• _Work required_: Using the records below, reproduce exactly the lines from the one containing "Fuchsia Roze Camellias" through the end, and nothing more; skip the images.

• _Data extract_:
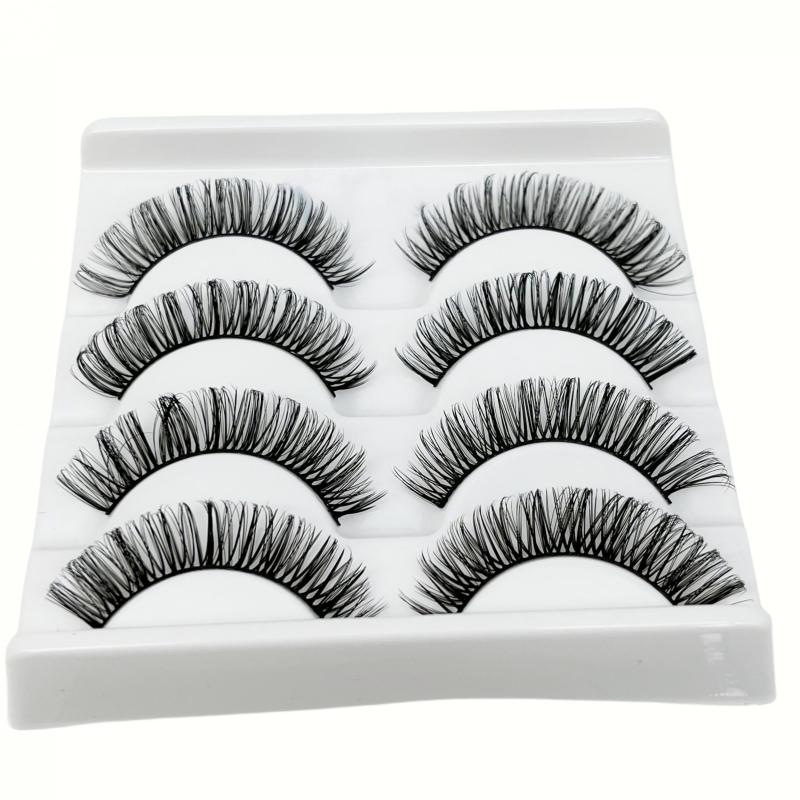 4 Pairs D Curling Fluffy False Eyelashes 14mm Length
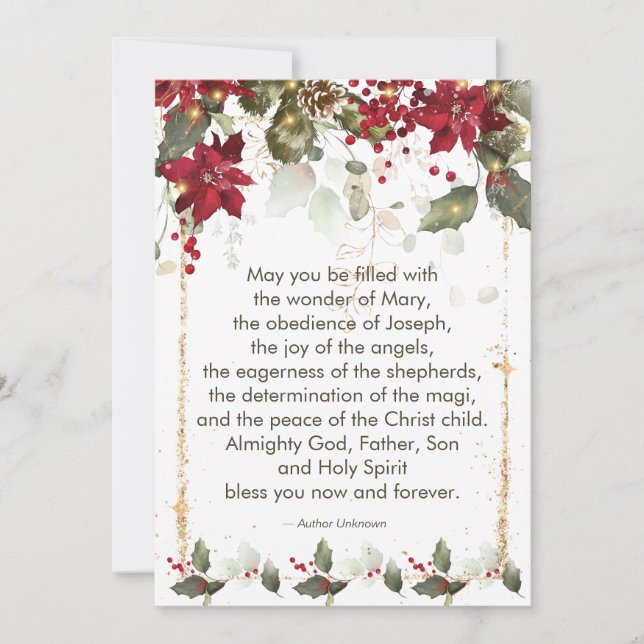 Poinsettia Holly Christmas Prayer  Holiday Card (Front)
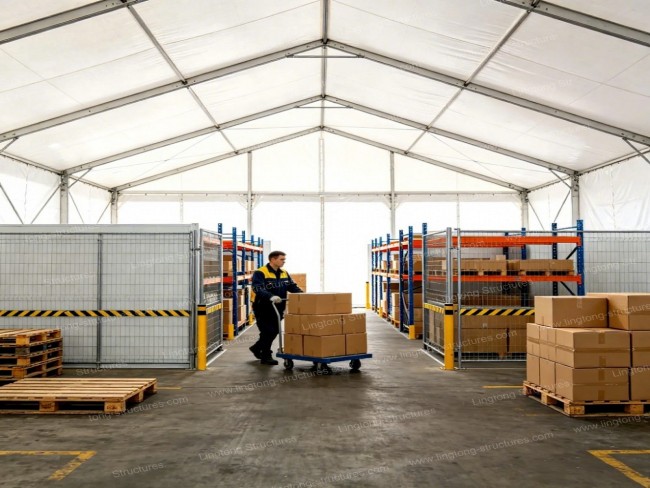 Lingtong warehousing tent used as manufacturing storage warehouse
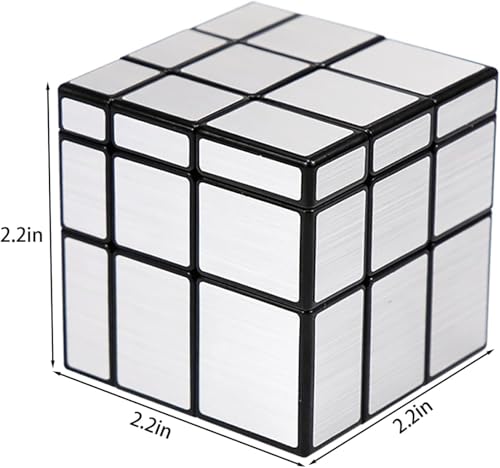 AHYUAN 2-Pack Speed Cube Set: Mirror Golden Wheel & Silver 3x3x3 Magic Cubes for Brain Teaser Fun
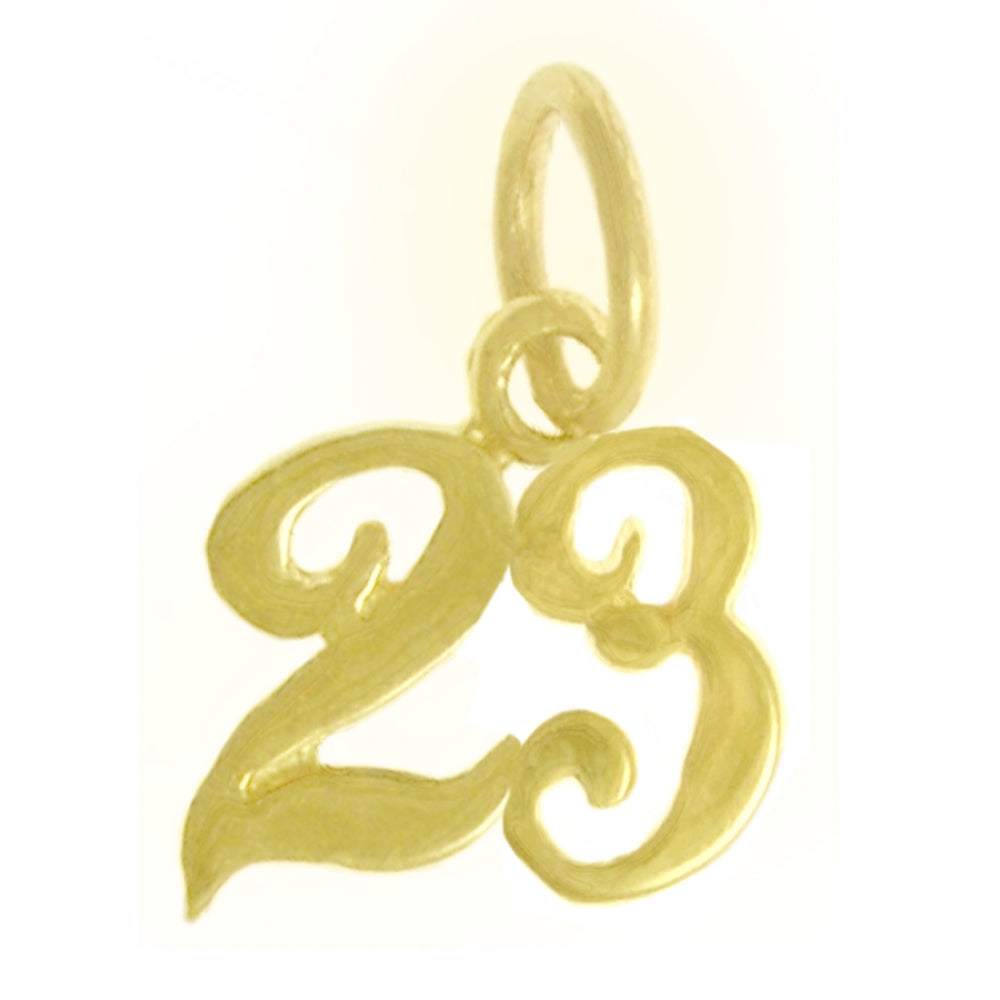 14k Gold Pendant, Numerals for Celebrating All Occasions; Anniversary, Birthdays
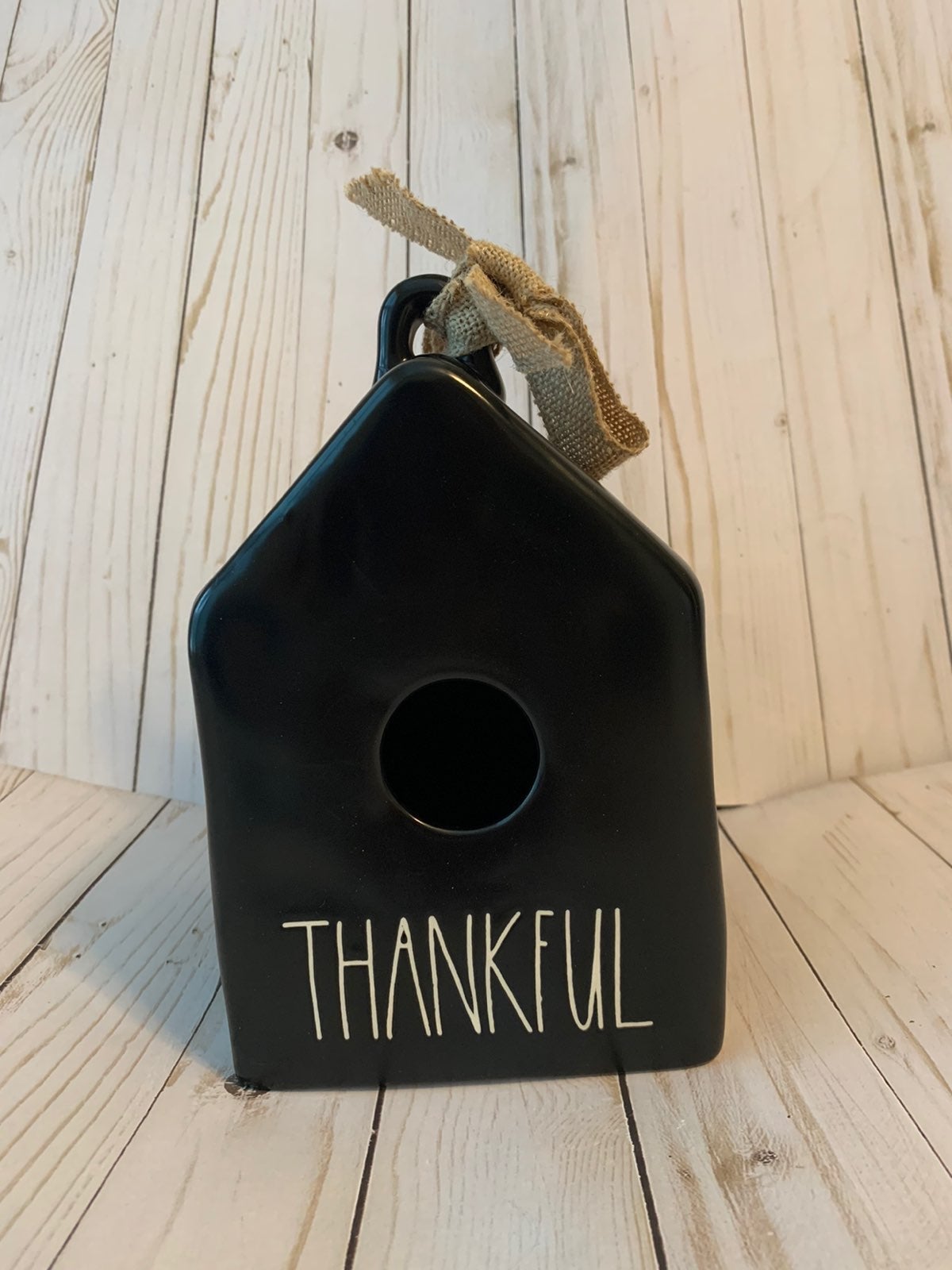 Rae Dunn Black THANKFUL Birdhouse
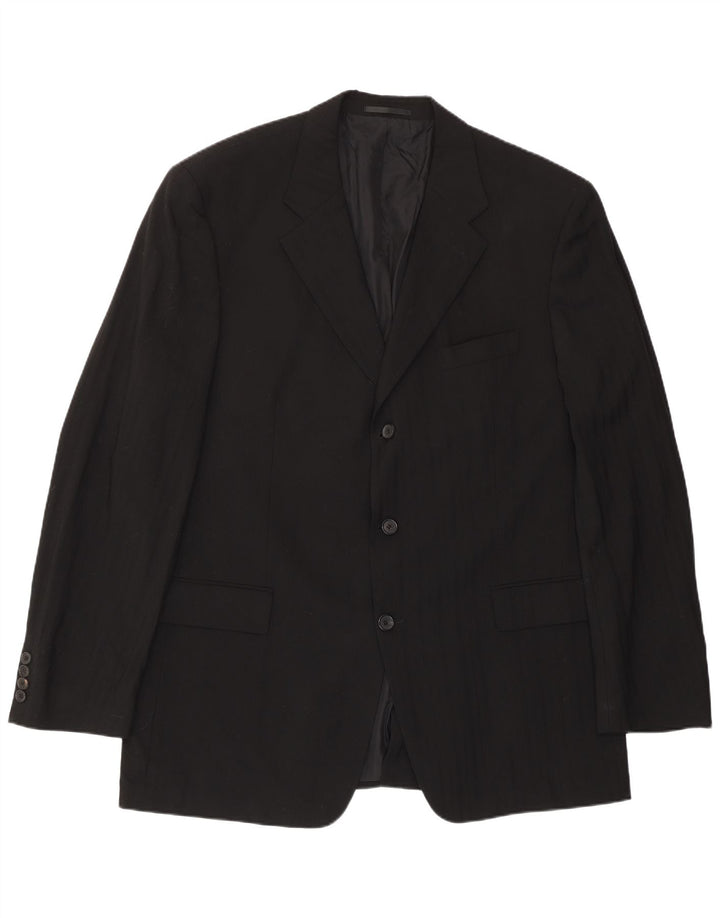 Giacca blazer da uomo a 3 bottoni Hugo Boss EU 56 3XL lana a righe nere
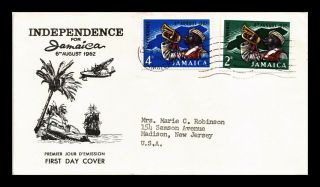 Dr Jim Stamps Independence Jamaica Fdc Combo Scott 181 - 82 Cover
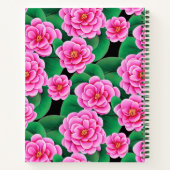 Fuchsia Roze Camellias en Groene bladeren Journal Notitieboek (Achterkant)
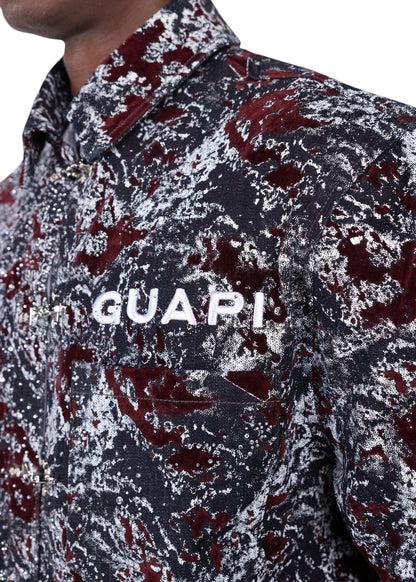 Guapi Wine Red Laser Velvet Shirt from On Time Fashions – Streetwear Shirt by HAVEN, Birmingham AL’s 1 fashion store and premier destination for streetwear, suits, kids fashion, and big & tall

• _Answer section_:
 Fuchsia Roze Camellias en Groene bladeren Journal Notitieboek (Achterkant)
 Guapi Wine Red Laser Velvet Shirt from On Time Fashions – Streetwear Shirt by HAVEN, Birmingham AL’s 1 fashion store and premier destination for streetwear, suits, kids fashion, and big & tall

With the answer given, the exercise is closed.